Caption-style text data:
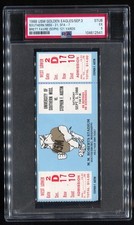 Brett Favre (Soph) 121 Yards - PSA Ticket 1988 Southern Mississippi S.F. Austin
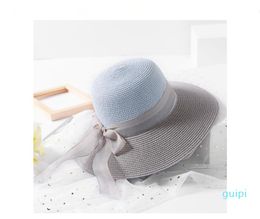 Caps Hats, Scarves & Gloves Fashion Aessories Women Sun Hats Hand Made Female Bow-Knot Wide Brim Beach Hat Casual Summer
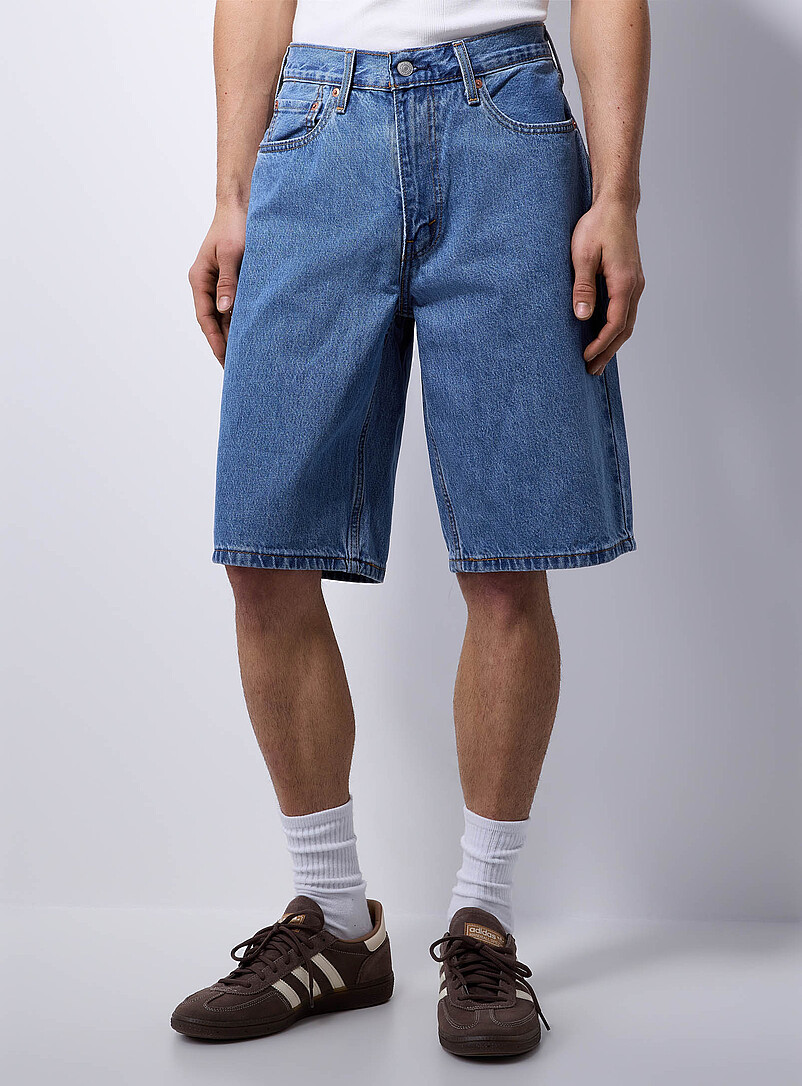 Levi's: Le bermuda jean bleu moyen 469 Bleu pour homme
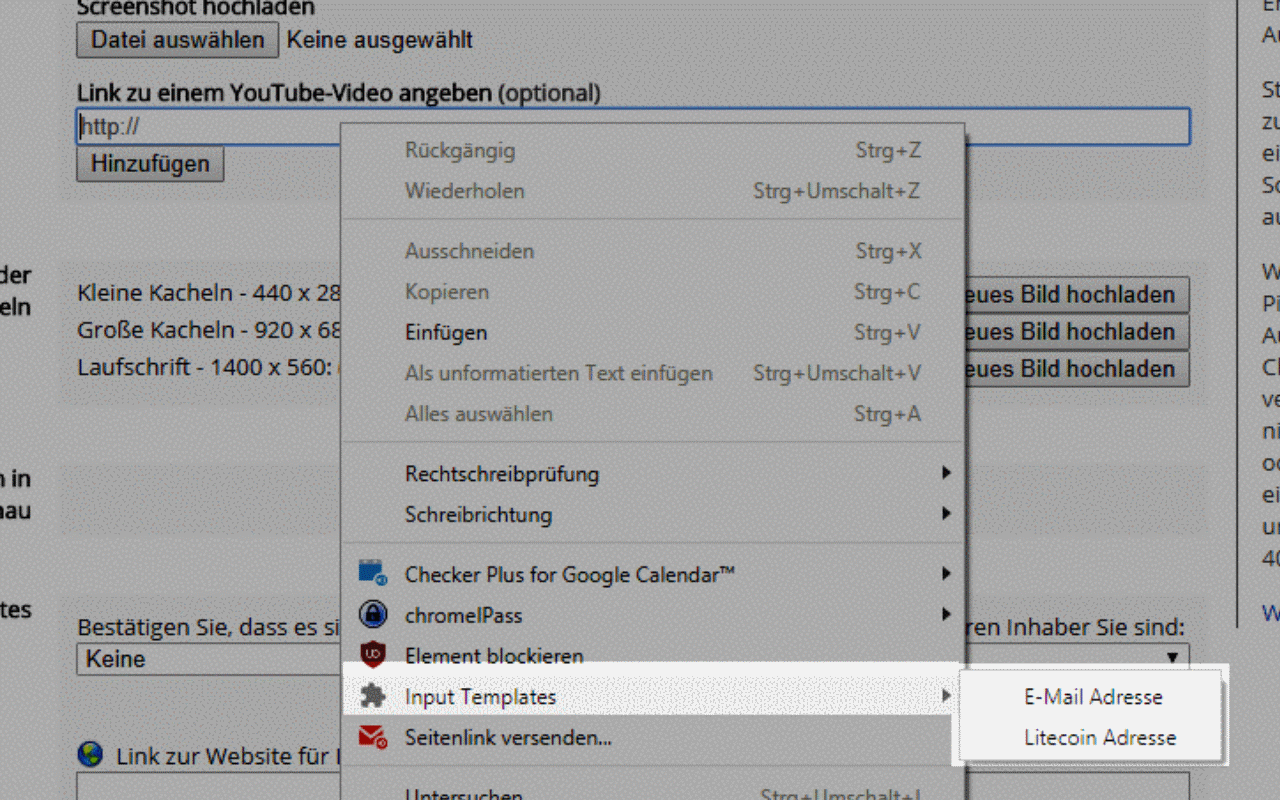Input Templates for Chrome截图2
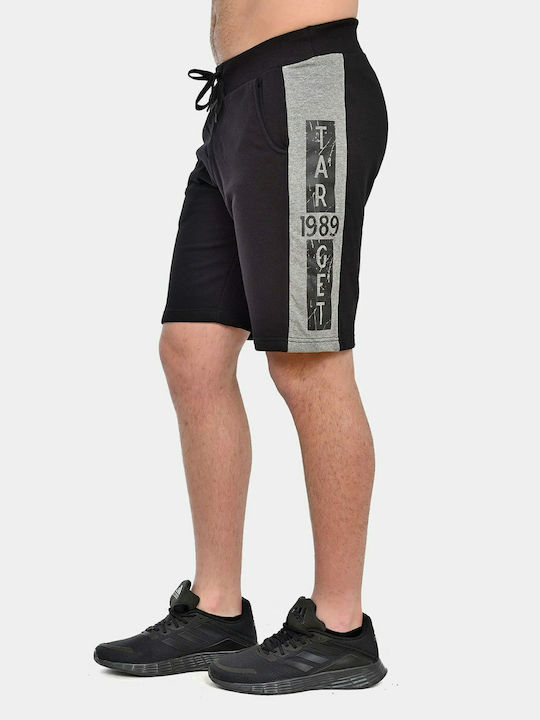 S21-57700 Men's Athletic Shorts Black / Grey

_What to do_:
A word-for-word copy of the lines from the one containing "Input Templates for Chrome截图2" through the last line of the records is what is wanted, without pictures and without any other line.

_Answer space_:
Input Templates for Chrome截图2
 S21-57700 Men's Athletic Shorts Black / Grey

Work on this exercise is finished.